Prompt: What you give back should be exactly the lines from the one with "Herbal Tea - Kettle" through the end of the data, without the pictures.

Provided information:
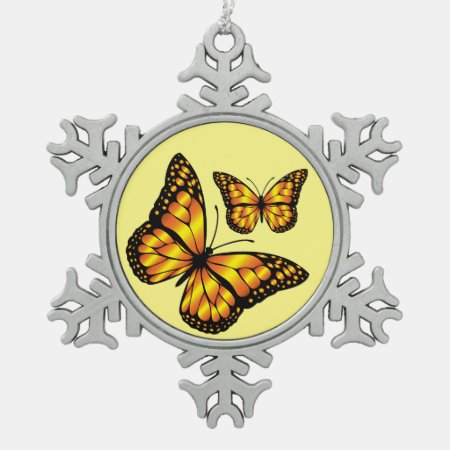 Monarch Butterfly Snowflake Pewter Christmas Ornament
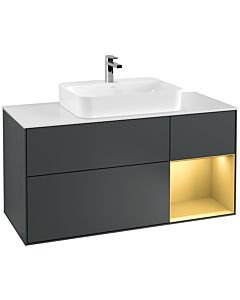 Villeroy und Boch Finion Villeroy und Boch Finion F421HFHG 120cm, cover plate white matt, shelf on the right gold matt, midnight Blue Matt Lacquer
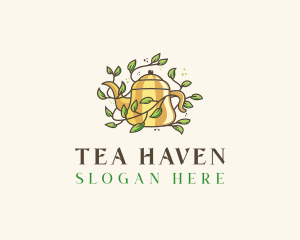 Herbal Tea - Kettle Teapot Tea Leaves logo design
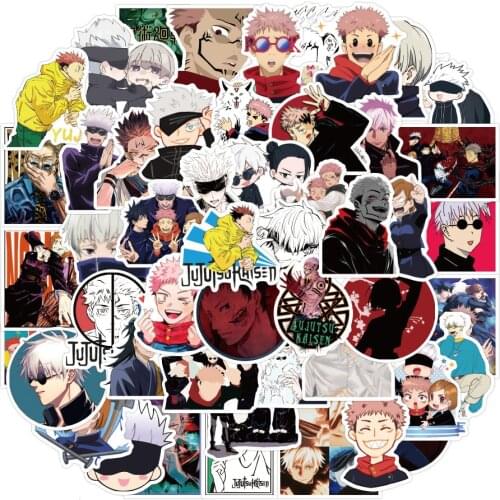 50 Pcs/pack Cute Japan Anime Jujutsu Kaisen Graffiti Waterproof Stickers for Motorcycle Helmet Laptop Luggage Decal Sticker Toys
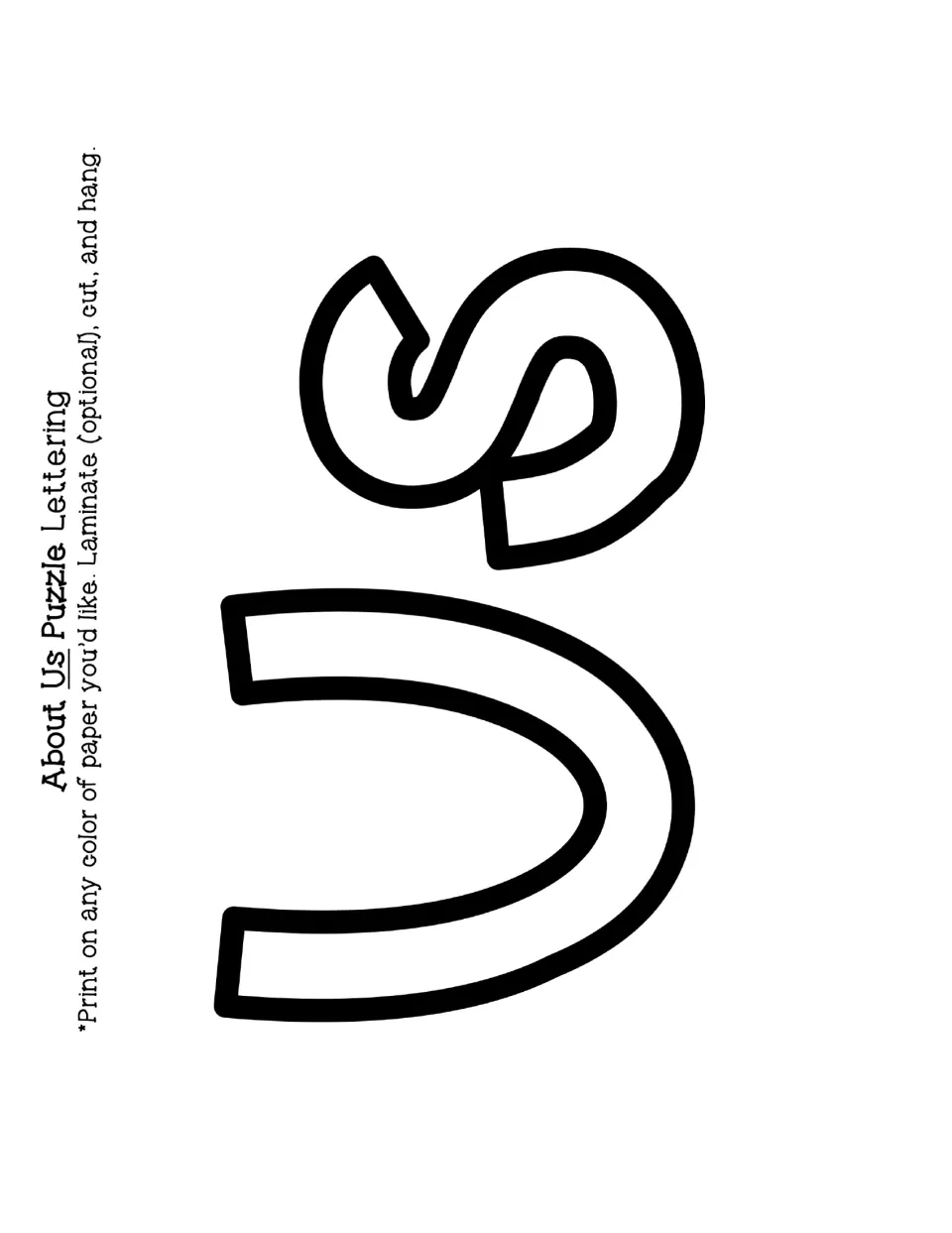 Bulletin title letters U and s spelling the word Us, shown as large outlined cut-out pieces to print on colored paper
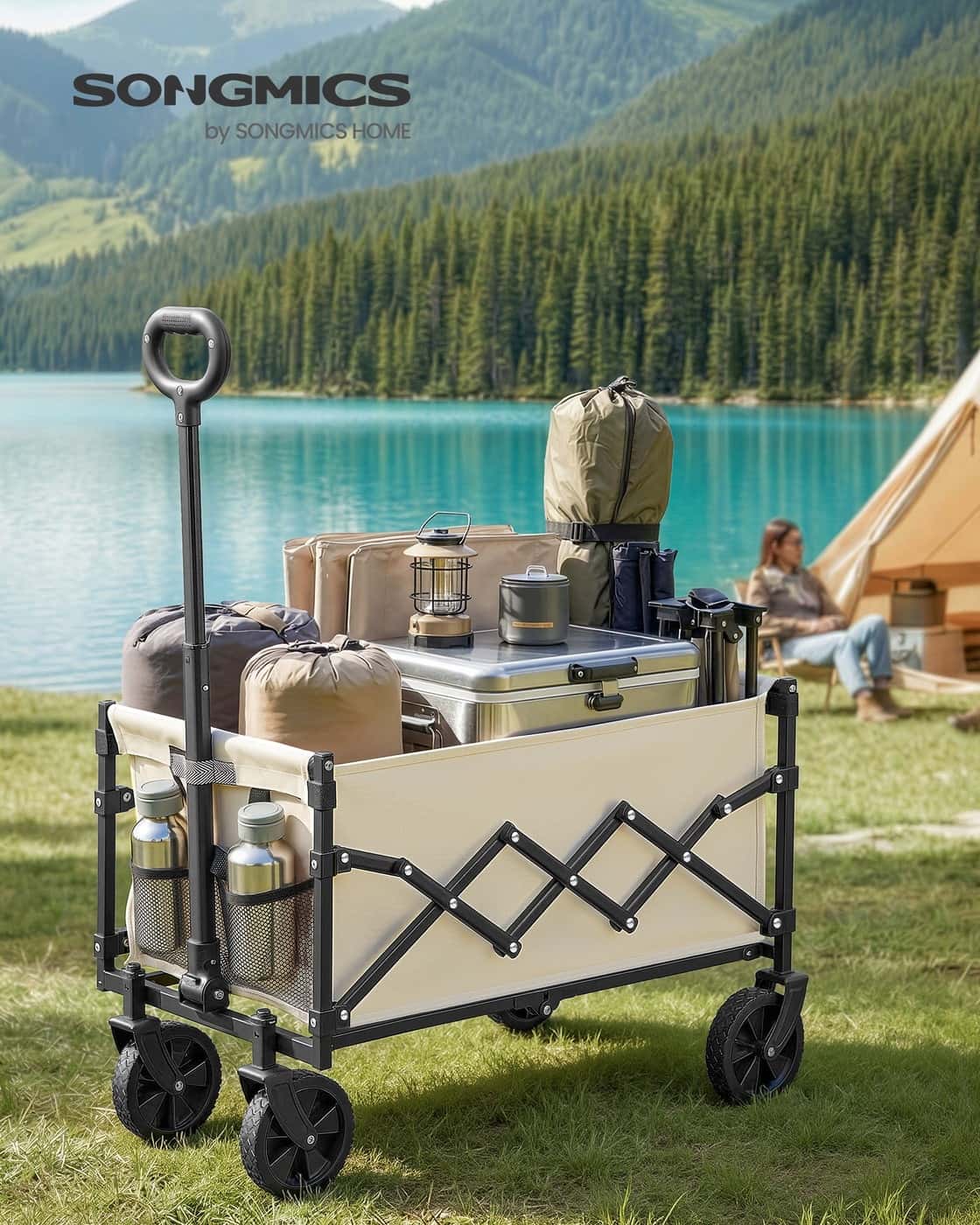 Kleiner Handwagen faltbar mit 4 verstärkten Rollen und Griff Sandbeige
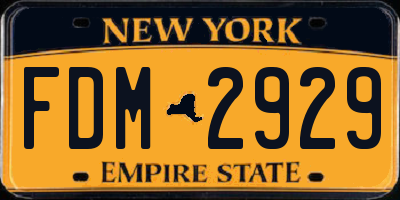 NY license plate FDM2929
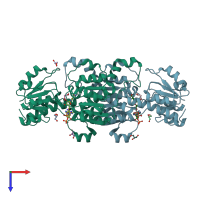 PDB entry 6bii coloured by chain, top view.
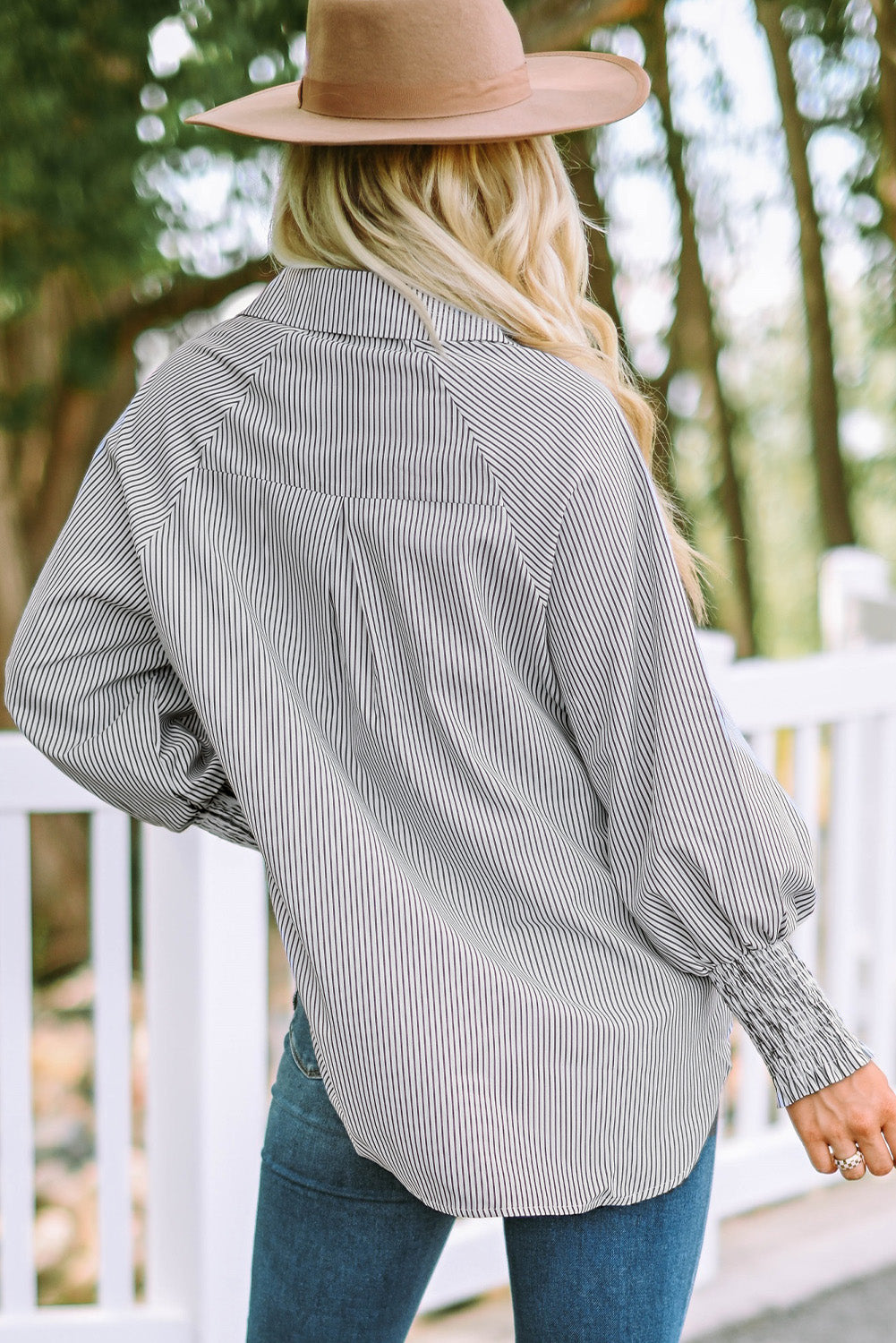 Smocked Cuffed Striped Boyfriend Shirt with Pocket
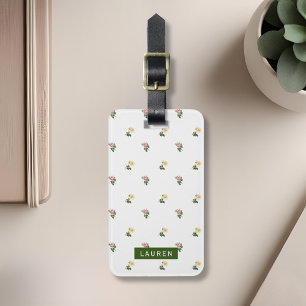 Vintage Floral Pattern Personalised Luggage Tag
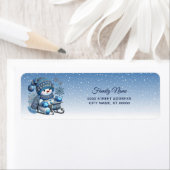 スライド雪だるまクリスマスホリデー差出人住所 ラベル (インサイチュ)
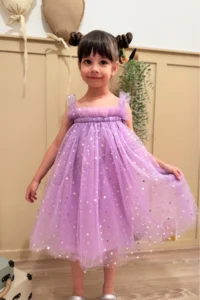 penu baby kids Lilac Star Printed Tulle Ruffle Strap Sleeve Cotton Lined Baby Girl Dress - Image 2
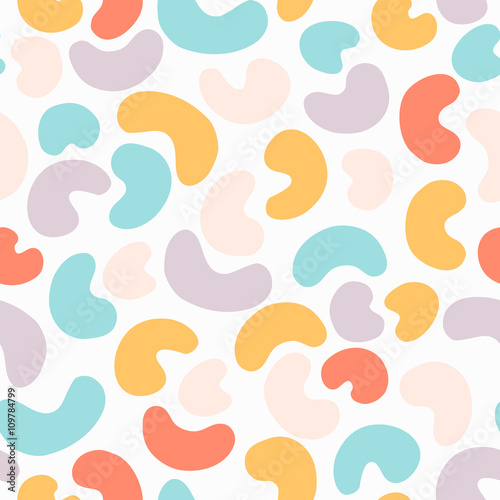 Colorful hand drawn doodle beans seamless pattern.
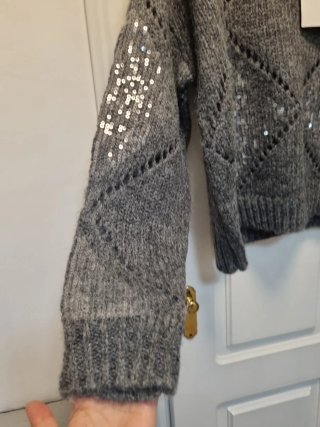 Jersey Only gris lentejuelas talla xs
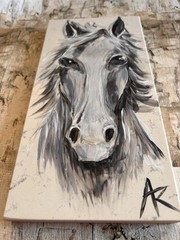 Original Horse Painting Natural Quartz 10”x5” Hand painted Acrylic Signed Art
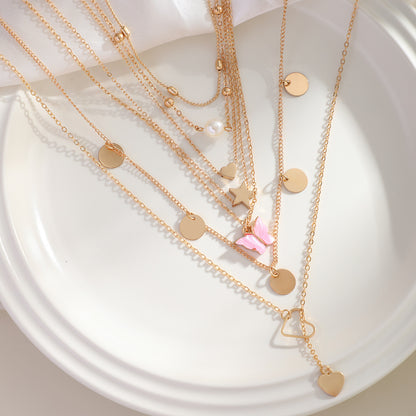 Jewelry Retro Star Heart Shape Arylic Alloy Copper Plating Pendant Necklace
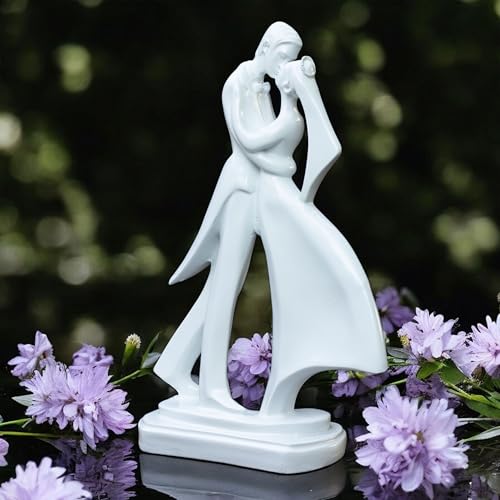 Elegant Wedding Couple Figurine – Romantic White Resin Bride & Groom Embrace Sculpture for Wedding, Anniversary, Valentine’s Gift, Tabletop Home Décor Showpiece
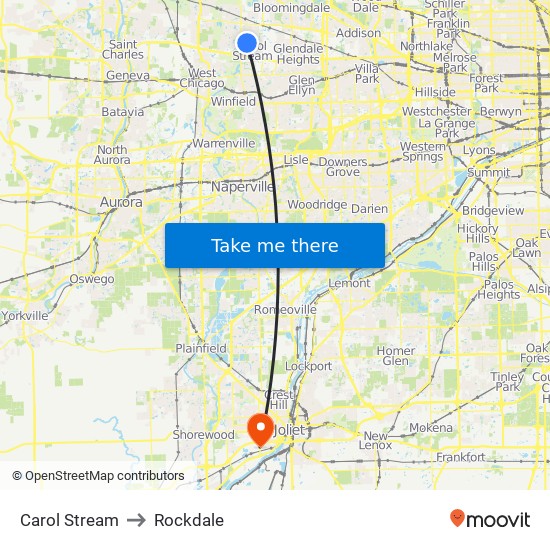 Carol Stream to Rockdale map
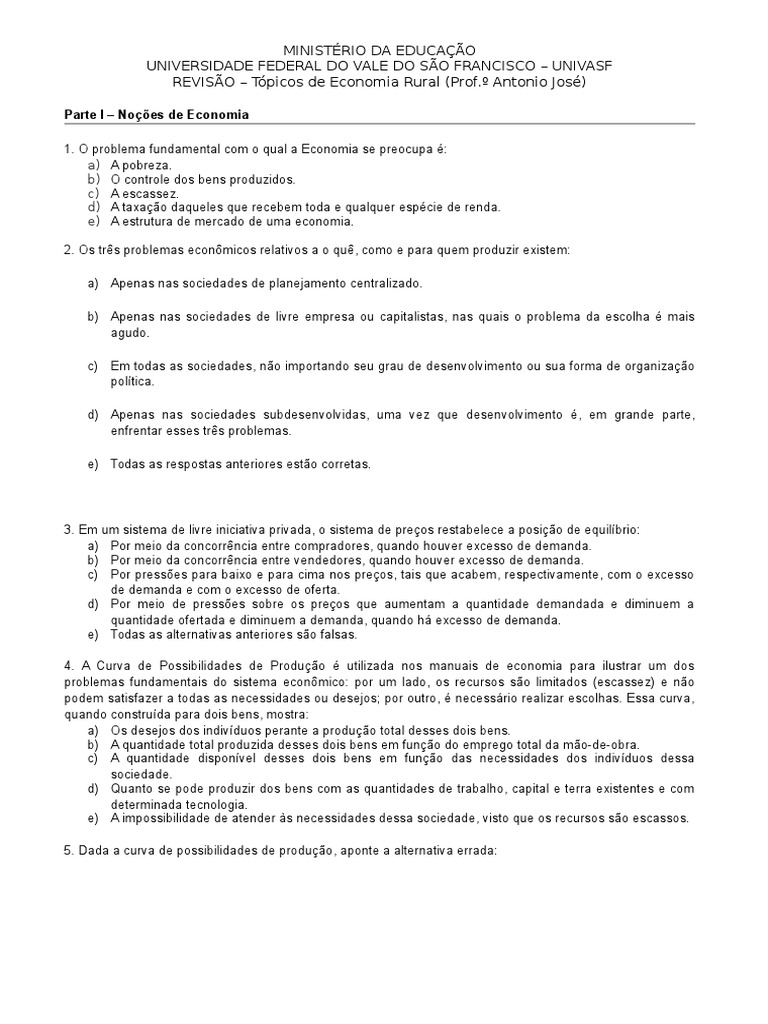 Exercícios Resolvidos de Economia Rural | PDF | Demanda | Oferta e procura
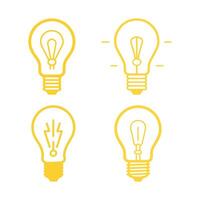 Set of Light bulb icons. illustration in flat style vector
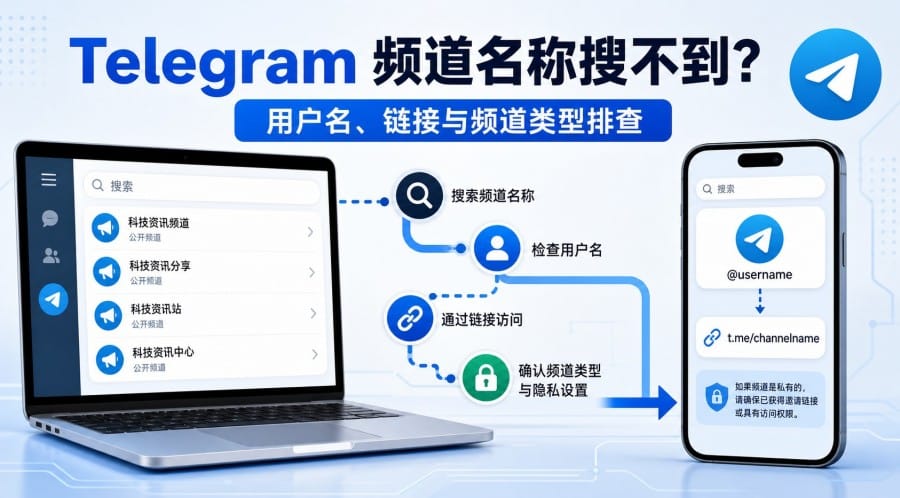 Telegram 频道名称搜不到怎么办？从用户名、链接到内容限制逐项排查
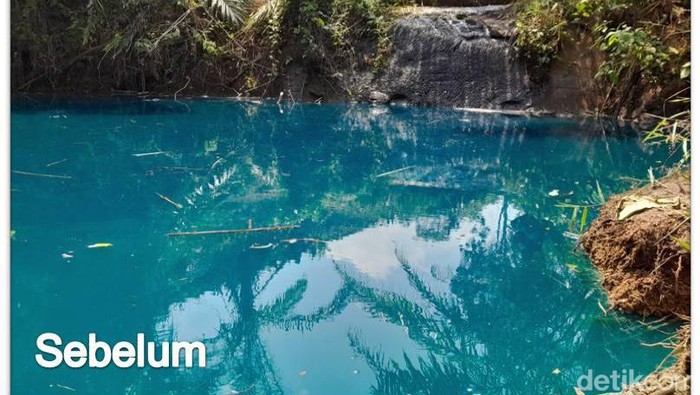 Penampakan telaga biru Bengkulu.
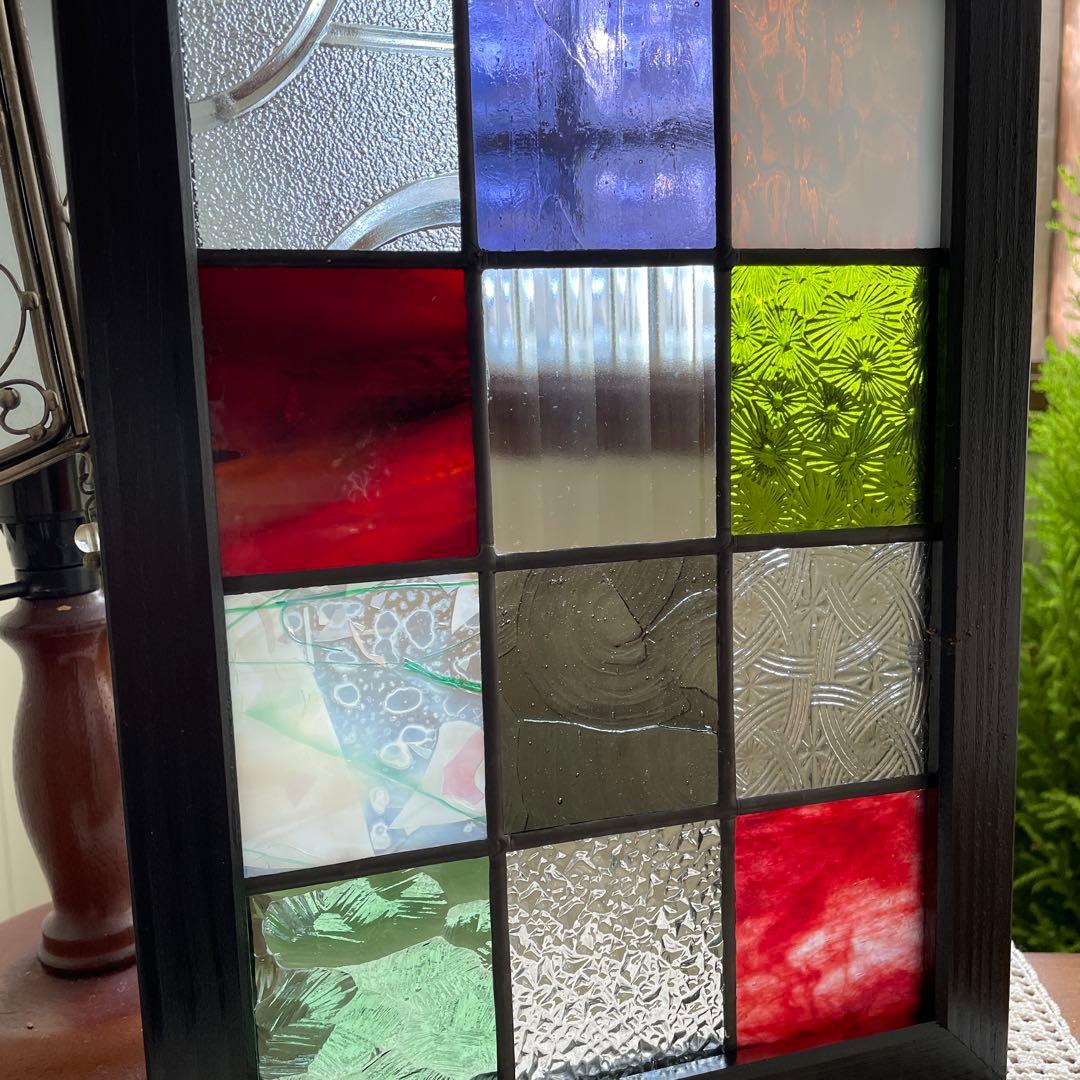 ステンドグラス　パネル　大正ロマン　和モダン　格子戸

Result of the task:
 Herbal Tea - Kettle Teapot Tea Leaves logo design
 50 Pcs/pack Cute Japan Anime Jujutsu Kaisen Graffiti Waterproof Stickers for Motorcycle Helmet Laptop Luggage Decal Sticker Toys
 Bulletin title letters U and s spelling the word Us, shown as large outlined cut-out pieces to print on colored paper
 Kleiner Handwagen faltbar mit 4 verstärkten Rollen und Griff Sandbeige
 NY license plate FDM2929
 PDB entry 6bii coloured by chain, top view.
 Smocked Cuffed Striped Boyfriend Shirt with Pocket
 Vintage Floral Pattern Personalised Luggage Tag
 スライド雪だるまクリスマスホリデー差出人住所 ラベル (インサイチュ)
 penu baby kids Lilac Star Printed Tulle Ruffle Strap Sleeve Cotton Lined Baby Girl Dress - Image 2
 Colorful hand drawn doodle beans seamless pattern.
 Jersey Only gris lentejuelas talla xs
 Original Horse Painting Natural Quartz 10”x5” Hand painted Acrylic Signed Art
 Jewelry Retro Star Heart Shape Arylic Alloy Copper Plating Pendant Necklace
 Elegant Wedding Couple Figurine – Romantic White Resin Bride & Groom Embrace Sculpture for Wedding, Anniversary, Valentine’s Gift, Tabletop Home Décor Showpiece
 Carol Stream to Rockdale map
 Exercícios Resolvidos de Economia Rural | PDF | Demanda | Oferta e procura
 Set of Light bulb icons. illustration in flat style vector
 Telegram 频道名称搜不到怎么办？从用户名、链接到内容限制逐项排查
 Penampakan telaga biru Bengkulu.
 ステンドグラス　パネル　大正ロマン　和モダン　格子戸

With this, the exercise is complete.